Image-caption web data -

------------------------------

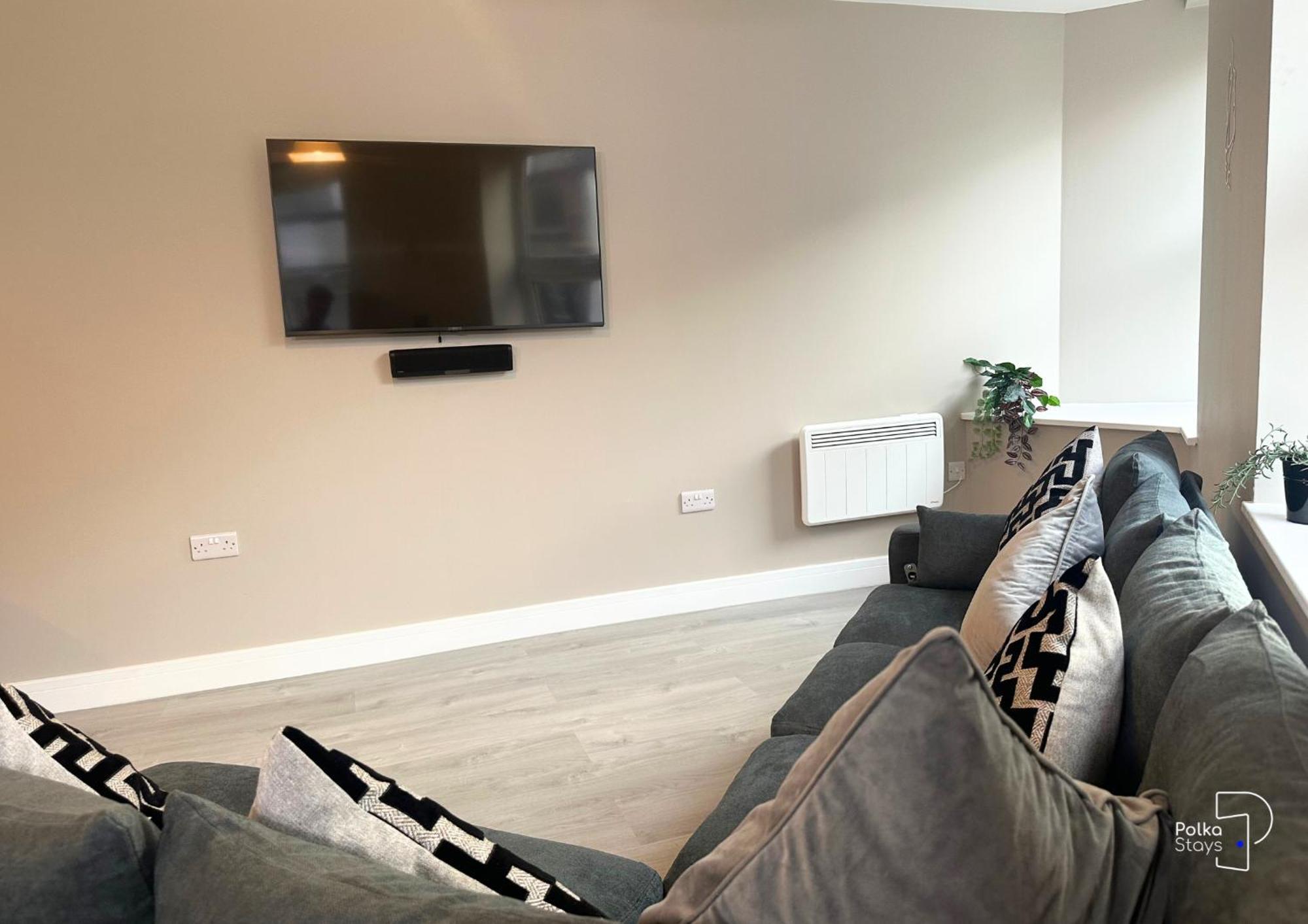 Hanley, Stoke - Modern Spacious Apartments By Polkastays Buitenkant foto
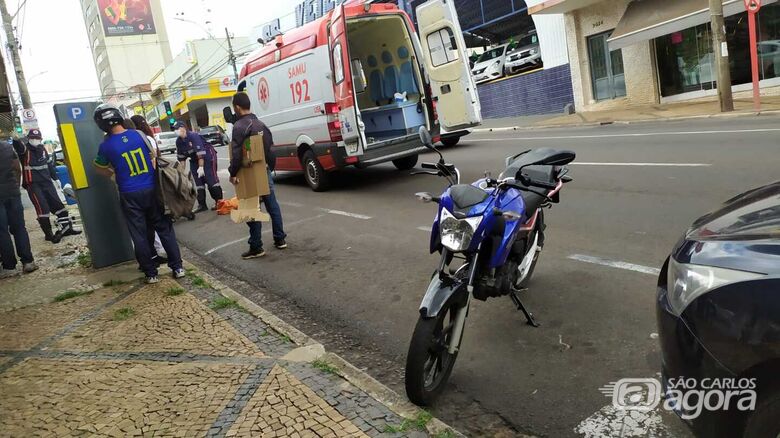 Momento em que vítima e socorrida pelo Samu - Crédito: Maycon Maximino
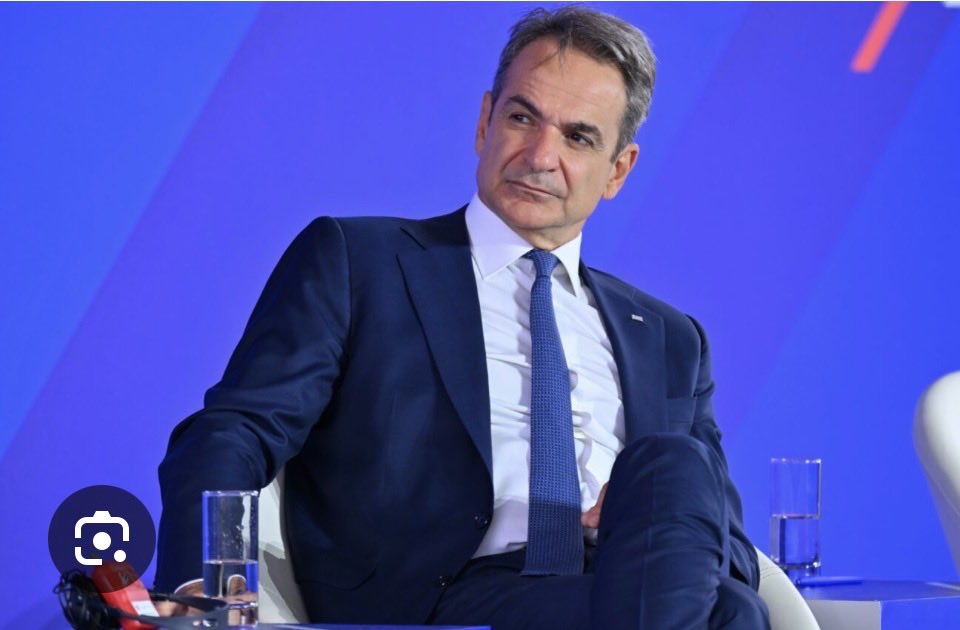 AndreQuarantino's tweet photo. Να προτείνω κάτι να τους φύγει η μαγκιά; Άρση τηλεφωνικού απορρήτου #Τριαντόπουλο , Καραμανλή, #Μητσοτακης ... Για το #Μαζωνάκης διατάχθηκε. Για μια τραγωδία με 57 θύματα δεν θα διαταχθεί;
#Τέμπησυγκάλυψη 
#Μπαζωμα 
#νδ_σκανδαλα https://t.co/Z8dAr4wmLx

------------------------------

Task prompt - Exact copy, no pictures: reproduce every entry shown above.

Answer to this exercise -
 Hanley, Stoke - Modern Spacious Apartments By Polkastays Buitenkant foto
 Momento em que vítima e socorrida pelo Samu - Crédito: Maycon Maximino
 AndreQuarantino's tweet photo. Να προτείνω κάτι να τους φύγει η μαγκιά; Άρση τηλεφωνικού απορρήτου #Τριαντόπουλο , Καραμανλή, #Μητσοτακης ... Για το #Μαζωνάκης διατάχθηκε. Για μια τραγωδία με 57 θύματα δεν θα διαταχθεί;
#Τέμπησυγκάλυψη 
#Μπαζωμα 
#νδ_σκανδαλα https://t.co/Z8dAr4wmLx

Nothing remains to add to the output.